Sulla felicità a oltranza

An engaging story in which anyone can recognize themselves.

1993, 1995, 1996 are the years that mark Hugh’s life. The times when his aunt, mother and father, the core of his affections and the foundation on which his world as a young man rested, disappeared. “Very tiring but beautiful years,” as he put it, in which the pain of loss is mixed in the story with the poetry and sweetness of remembering the little things. The loves, adventures, disappearances, joys and sorrows of those who must continue to live poised between sadness and longing for happiness while coming to terms with reinventing themselves and their certainties. “Sulla felicità a oltranza,” a book with which Ugo Cornia made his debut in 1999, revealing himself to be one of the most interesting Italian authors of his generation, is a sweetly melancholy tale, stretched between regret and the will to be happy, an engaging story in which anyone can recognize himself.

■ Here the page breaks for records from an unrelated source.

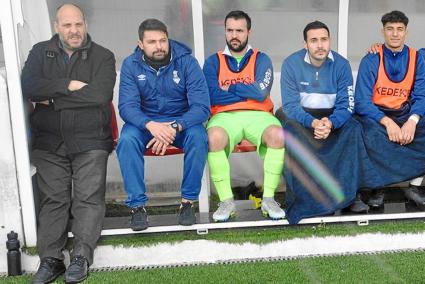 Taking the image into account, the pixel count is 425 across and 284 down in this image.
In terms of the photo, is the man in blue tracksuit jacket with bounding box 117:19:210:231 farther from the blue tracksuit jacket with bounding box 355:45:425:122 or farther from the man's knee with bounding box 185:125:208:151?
the blue tracksuit jacket with bounding box 355:45:425:122

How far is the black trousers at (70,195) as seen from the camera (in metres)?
3.34

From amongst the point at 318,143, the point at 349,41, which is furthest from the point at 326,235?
the point at 349,41

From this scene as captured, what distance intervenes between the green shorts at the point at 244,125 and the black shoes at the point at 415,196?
3.74ft

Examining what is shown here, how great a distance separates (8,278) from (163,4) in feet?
7.53

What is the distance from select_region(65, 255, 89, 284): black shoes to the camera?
10.3ft

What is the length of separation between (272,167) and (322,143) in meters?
0.38

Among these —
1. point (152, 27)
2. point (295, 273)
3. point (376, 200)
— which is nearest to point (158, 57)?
point (152, 27)

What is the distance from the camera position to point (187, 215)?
3512mm

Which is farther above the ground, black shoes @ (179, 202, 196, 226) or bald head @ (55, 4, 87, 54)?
bald head @ (55, 4, 87, 54)

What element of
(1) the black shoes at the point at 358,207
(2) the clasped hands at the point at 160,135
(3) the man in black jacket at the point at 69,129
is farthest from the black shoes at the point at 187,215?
(1) the black shoes at the point at 358,207

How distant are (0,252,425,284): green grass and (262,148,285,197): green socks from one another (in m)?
0.51

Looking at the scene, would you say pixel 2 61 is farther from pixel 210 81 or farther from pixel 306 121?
pixel 306 121

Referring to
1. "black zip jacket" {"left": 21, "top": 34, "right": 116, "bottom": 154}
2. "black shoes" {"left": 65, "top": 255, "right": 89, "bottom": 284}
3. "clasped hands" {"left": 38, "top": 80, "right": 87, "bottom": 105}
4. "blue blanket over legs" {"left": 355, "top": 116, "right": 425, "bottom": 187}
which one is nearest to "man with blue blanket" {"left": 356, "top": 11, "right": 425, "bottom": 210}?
"blue blanket over legs" {"left": 355, "top": 116, "right": 425, "bottom": 187}

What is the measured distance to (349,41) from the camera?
4461mm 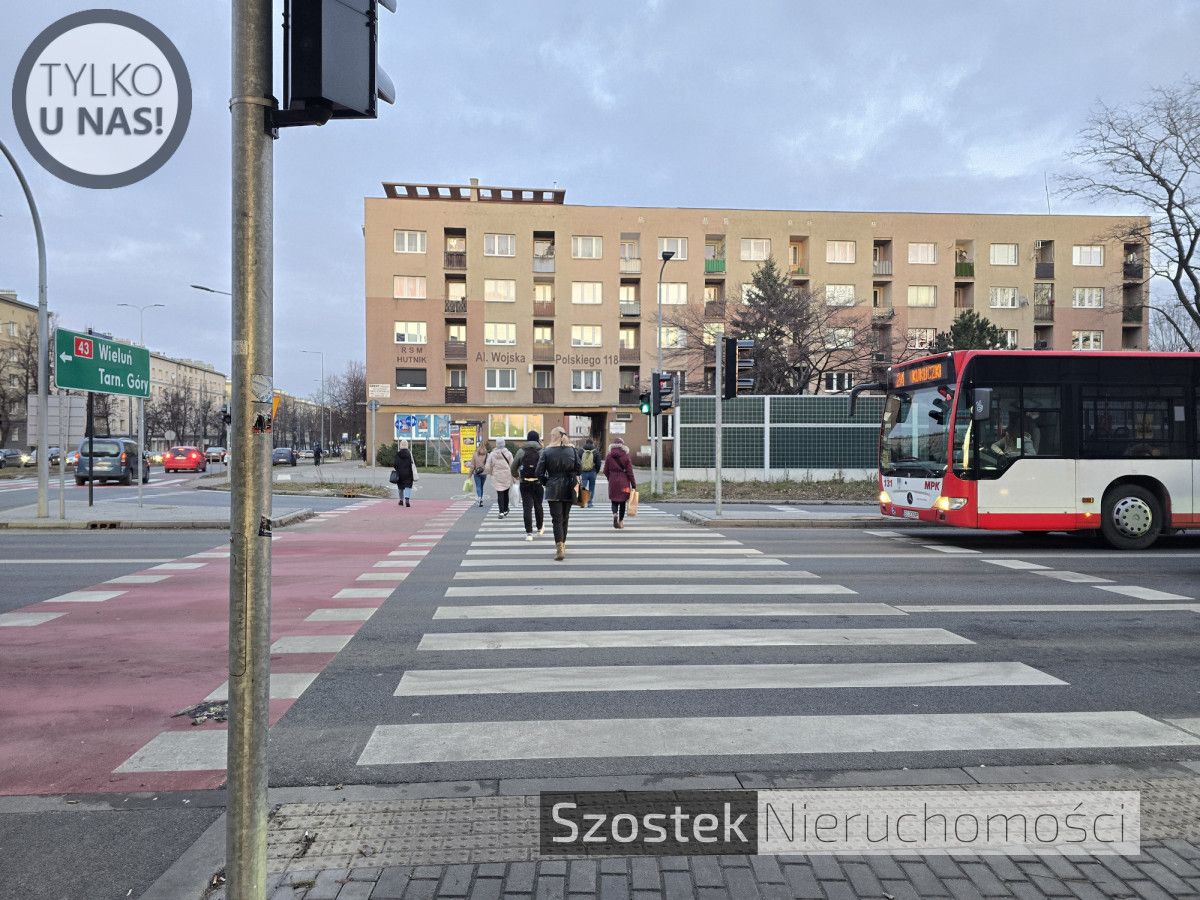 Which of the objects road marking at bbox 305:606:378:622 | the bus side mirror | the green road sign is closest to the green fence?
the bus side mirror

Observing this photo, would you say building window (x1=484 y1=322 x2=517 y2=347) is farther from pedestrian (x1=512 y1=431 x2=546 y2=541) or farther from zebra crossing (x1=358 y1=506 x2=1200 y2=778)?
zebra crossing (x1=358 y1=506 x2=1200 y2=778)

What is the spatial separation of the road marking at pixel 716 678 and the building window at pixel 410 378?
4700cm

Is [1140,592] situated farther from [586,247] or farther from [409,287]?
[409,287]

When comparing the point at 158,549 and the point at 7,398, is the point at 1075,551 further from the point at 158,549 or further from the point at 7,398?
the point at 7,398

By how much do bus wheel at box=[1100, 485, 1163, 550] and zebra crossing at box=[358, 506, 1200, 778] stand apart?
635 centimetres

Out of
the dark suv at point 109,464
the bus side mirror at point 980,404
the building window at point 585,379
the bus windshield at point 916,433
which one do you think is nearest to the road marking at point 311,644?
the bus windshield at point 916,433

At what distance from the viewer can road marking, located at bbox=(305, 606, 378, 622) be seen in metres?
7.19

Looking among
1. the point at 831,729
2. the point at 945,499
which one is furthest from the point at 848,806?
the point at 945,499

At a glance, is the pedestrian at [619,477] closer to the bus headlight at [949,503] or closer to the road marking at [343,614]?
the bus headlight at [949,503]

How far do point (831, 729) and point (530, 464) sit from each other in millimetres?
9866

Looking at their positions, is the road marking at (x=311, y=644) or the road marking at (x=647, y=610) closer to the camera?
the road marking at (x=311, y=644)

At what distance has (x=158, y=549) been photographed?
12.5 m

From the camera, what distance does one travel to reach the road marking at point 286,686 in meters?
5.02

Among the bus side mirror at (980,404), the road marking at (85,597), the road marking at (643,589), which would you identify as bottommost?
the road marking at (85,597) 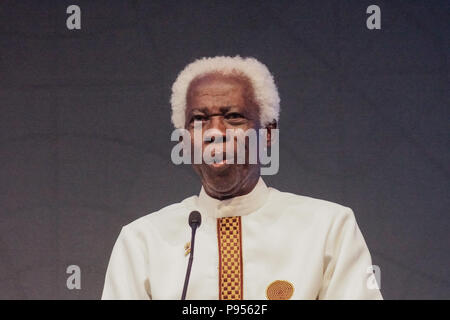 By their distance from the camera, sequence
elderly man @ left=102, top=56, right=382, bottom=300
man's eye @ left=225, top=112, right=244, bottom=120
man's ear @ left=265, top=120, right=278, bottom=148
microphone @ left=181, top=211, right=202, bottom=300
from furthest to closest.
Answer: man's ear @ left=265, top=120, right=278, bottom=148 < man's eye @ left=225, top=112, right=244, bottom=120 < elderly man @ left=102, top=56, right=382, bottom=300 < microphone @ left=181, top=211, right=202, bottom=300

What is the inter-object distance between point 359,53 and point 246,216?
1.07m

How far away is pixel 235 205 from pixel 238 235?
0.11m

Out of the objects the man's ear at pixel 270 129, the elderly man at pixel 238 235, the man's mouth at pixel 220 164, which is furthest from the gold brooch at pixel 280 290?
the man's ear at pixel 270 129

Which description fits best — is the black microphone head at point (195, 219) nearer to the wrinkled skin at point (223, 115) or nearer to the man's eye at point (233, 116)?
the wrinkled skin at point (223, 115)

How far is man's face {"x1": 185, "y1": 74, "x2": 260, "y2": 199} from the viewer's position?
2551 millimetres

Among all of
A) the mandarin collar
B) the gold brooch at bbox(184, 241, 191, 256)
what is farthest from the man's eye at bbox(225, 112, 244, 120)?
the gold brooch at bbox(184, 241, 191, 256)

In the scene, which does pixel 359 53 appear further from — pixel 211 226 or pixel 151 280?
pixel 151 280

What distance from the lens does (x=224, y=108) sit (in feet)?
8.36

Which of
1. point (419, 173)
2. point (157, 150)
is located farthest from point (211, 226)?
point (419, 173)

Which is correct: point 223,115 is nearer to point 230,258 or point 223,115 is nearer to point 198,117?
point 198,117

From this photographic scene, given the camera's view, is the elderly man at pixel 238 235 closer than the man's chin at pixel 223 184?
Yes

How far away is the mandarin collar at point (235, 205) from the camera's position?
2.62 m

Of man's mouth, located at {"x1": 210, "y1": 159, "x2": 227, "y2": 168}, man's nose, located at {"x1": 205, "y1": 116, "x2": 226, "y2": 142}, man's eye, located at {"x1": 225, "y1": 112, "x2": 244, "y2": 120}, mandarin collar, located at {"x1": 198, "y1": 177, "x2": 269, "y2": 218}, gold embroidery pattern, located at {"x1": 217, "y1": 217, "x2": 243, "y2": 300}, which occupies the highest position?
man's eye, located at {"x1": 225, "y1": 112, "x2": 244, "y2": 120}

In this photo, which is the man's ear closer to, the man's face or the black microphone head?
the man's face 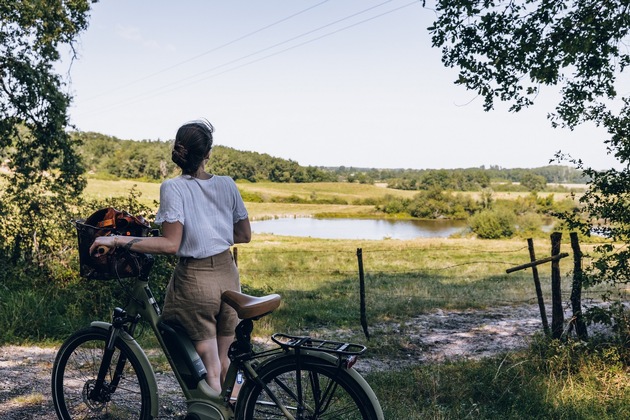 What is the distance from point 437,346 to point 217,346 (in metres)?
5.70

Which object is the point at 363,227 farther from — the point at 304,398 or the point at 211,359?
the point at 304,398

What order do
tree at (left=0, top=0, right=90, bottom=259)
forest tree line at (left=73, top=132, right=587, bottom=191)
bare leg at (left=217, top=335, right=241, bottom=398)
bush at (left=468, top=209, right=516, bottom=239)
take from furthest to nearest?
forest tree line at (left=73, top=132, right=587, bottom=191)
bush at (left=468, top=209, right=516, bottom=239)
tree at (left=0, top=0, right=90, bottom=259)
bare leg at (left=217, top=335, right=241, bottom=398)

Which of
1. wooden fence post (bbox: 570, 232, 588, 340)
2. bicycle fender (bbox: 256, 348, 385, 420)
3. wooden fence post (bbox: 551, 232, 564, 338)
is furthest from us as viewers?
wooden fence post (bbox: 551, 232, 564, 338)

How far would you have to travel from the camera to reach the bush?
52.3m

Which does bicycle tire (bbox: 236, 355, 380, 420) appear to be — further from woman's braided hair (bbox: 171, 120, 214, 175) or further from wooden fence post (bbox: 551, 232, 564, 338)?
wooden fence post (bbox: 551, 232, 564, 338)

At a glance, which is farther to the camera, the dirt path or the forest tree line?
the forest tree line

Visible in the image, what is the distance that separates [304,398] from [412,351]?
527cm

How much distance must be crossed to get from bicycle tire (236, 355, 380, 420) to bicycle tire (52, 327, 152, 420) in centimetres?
79

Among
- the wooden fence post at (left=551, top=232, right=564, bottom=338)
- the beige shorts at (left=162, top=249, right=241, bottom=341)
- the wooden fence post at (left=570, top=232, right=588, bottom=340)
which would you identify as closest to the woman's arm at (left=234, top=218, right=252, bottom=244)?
the beige shorts at (left=162, top=249, right=241, bottom=341)

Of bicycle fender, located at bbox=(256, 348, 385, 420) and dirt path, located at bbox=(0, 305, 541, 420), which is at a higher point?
bicycle fender, located at bbox=(256, 348, 385, 420)

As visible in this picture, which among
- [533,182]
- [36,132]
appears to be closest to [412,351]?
[36,132]

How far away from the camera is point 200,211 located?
10.1ft

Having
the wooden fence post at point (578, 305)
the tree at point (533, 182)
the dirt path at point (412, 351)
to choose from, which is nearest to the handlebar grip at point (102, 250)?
the dirt path at point (412, 351)

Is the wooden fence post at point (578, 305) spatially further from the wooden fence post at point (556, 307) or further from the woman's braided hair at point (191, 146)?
the woman's braided hair at point (191, 146) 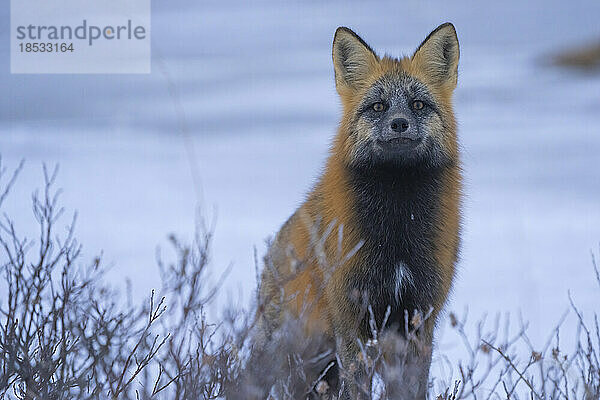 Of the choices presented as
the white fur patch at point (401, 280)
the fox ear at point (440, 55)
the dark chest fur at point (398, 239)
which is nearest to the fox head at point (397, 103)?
the fox ear at point (440, 55)

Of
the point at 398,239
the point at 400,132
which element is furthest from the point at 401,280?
the point at 400,132

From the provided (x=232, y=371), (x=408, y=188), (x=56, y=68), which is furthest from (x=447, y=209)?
(x=56, y=68)

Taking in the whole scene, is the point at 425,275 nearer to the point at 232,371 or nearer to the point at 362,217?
the point at 362,217

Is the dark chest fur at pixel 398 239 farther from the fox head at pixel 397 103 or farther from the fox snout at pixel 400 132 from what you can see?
the fox snout at pixel 400 132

Ugo Cornia è nato a Carpi nel 1965.

He began publishing in the magazine Il semplice (1995-1997), edited by Gianni Celati, Ermanno Cavazzoni and Daniele Benati.
His short stories have also appeared in other magazines, such as Il Caffè illustrato, Diario, and L’Accalappiacani. He has collaborated with La Gazzetta di Modena. He made his debut with Sellerio in 1999 with Sulla felicità a oltranza, followed by Quasi amore (Sellerio, 2001), Roma (Sellerio, 2004), Le pratiche del disgusto (Sellerio, 2007), Le storie di mia zia (Feltrinelli, 2008) and Sulle tristezze e i ragionamenti (Quodlibet, 2008)
In 2009 he published with the painter Giuliano Della Casa the volume Modena è piccolissima.
More recent writings include: Operette ipotetiche (Quodlibet, 2010), Autobiografia della mia infanzia (Topipittori, 2010), Il professionale. Scholastic Adventures (Feltrinelli, 2012), Writings of Uncivilized Engagement (Quodlibet, 2013), Animals: (mice cats dogs and my sister) (Feltrinelli, 2014), I am sociable to a fault. Life of Montaigne (Marcos y Marcos, 2015), Holes (Feltrinelli, 2016) and Fables from Reformatory (Feltrinelli, 2019).
He won the Bergamo Prize, the Pisa National Literary Prize for the Fiction section and the Frignano Prize.

His last book is Sulla felicità a oltranza (La nave di Teseo, 2022).